# Data Cleaning and Preprocessing in Python (Pandas)

In [None]:
import pandas as pd

# Load the dataset (if it's in the same folder)
df = pd.read_csv("marketing_campaign.csv", sep='\t')  # adjust 'sep' if needed
df.head()

## Step 1: Explore Dataset

In [None]:
# Display basic info and stats
print(df.info())
print(df.describe())

## Step 2: Handle Missing Values

In [None]:
# Check for missing values
print(df.isnull().sum())

# Fill missing Income values with median
df['Income'].fillna(df['Income'].median(), inplace=True)

## Step 3: Remove Duplicates

In [None]:
# Drop duplicate rows
df.drop_duplicates(inplace=True)

## Step 4: Convert Data Types

In [None]:
# Convert Dt_Customer to datetime
df['Dt_Customer'] = pd.to_datetime(df['Dt_Customer'], format='%d-%m-%Y')

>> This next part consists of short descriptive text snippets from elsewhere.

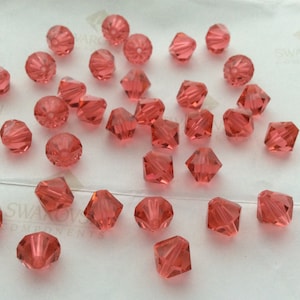 Swarovski #5301 Crystal Padparadscha Bicone Faceted Beads 4mm 6mm 8mm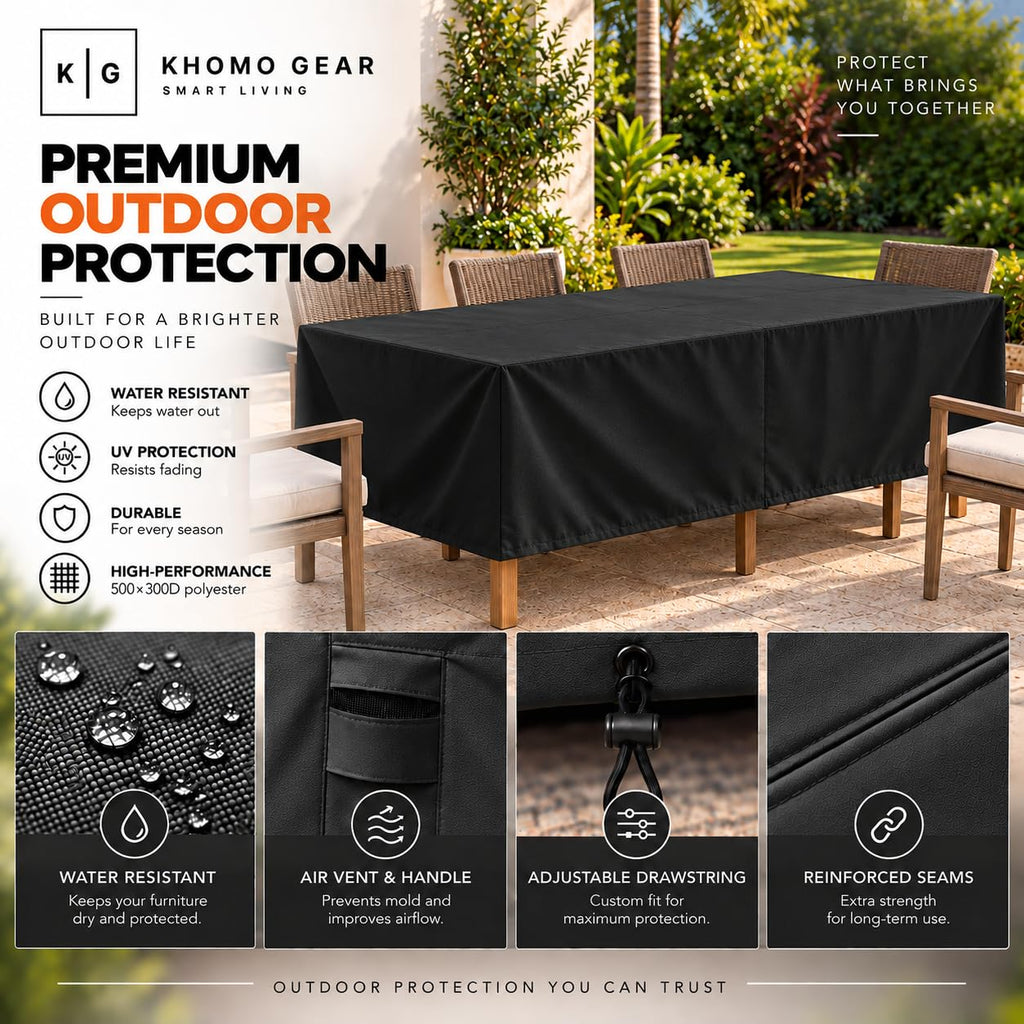 Outdoor Table Cover Waterproof, Rectangular Patio Dining Table Cover with Air Vent and Leg Straps - 70"L x 34"W x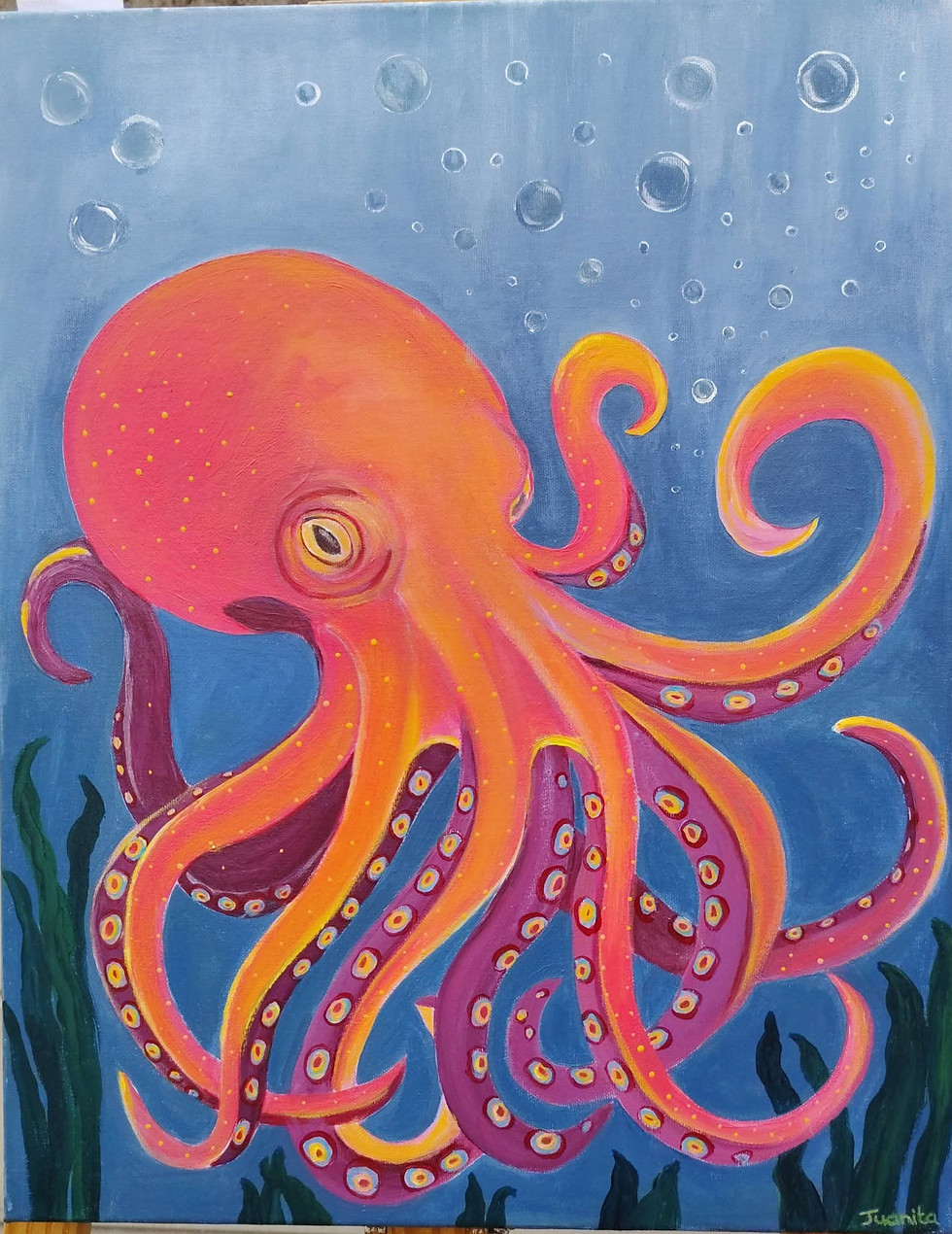 Ember in the Deep, Acrylic on thin edge canvas, 50x40cm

## Step 5: Clean Inconsistent Categorical Values

In [None]:
# Replace inconsistent Marital_Status entries
df['Marital_Status'] = df['Marital_Status'].replace({
    'Alone': 'Single',
    'Absurd': 'Single',
    'YOLO': 'Single'
})

## Step 6: Save Cleaned Dataset

In [None]:
# Save cleaned dataset to CSV
df.to_csv("cleaned_marketing_campaign.csv", index=False)

## ✅ Final Check

In [None]:
print("✅ Cleaning Completed")
print(f"Shape: {df.shape}")
print("Missing values:\n", df.isnull().sum())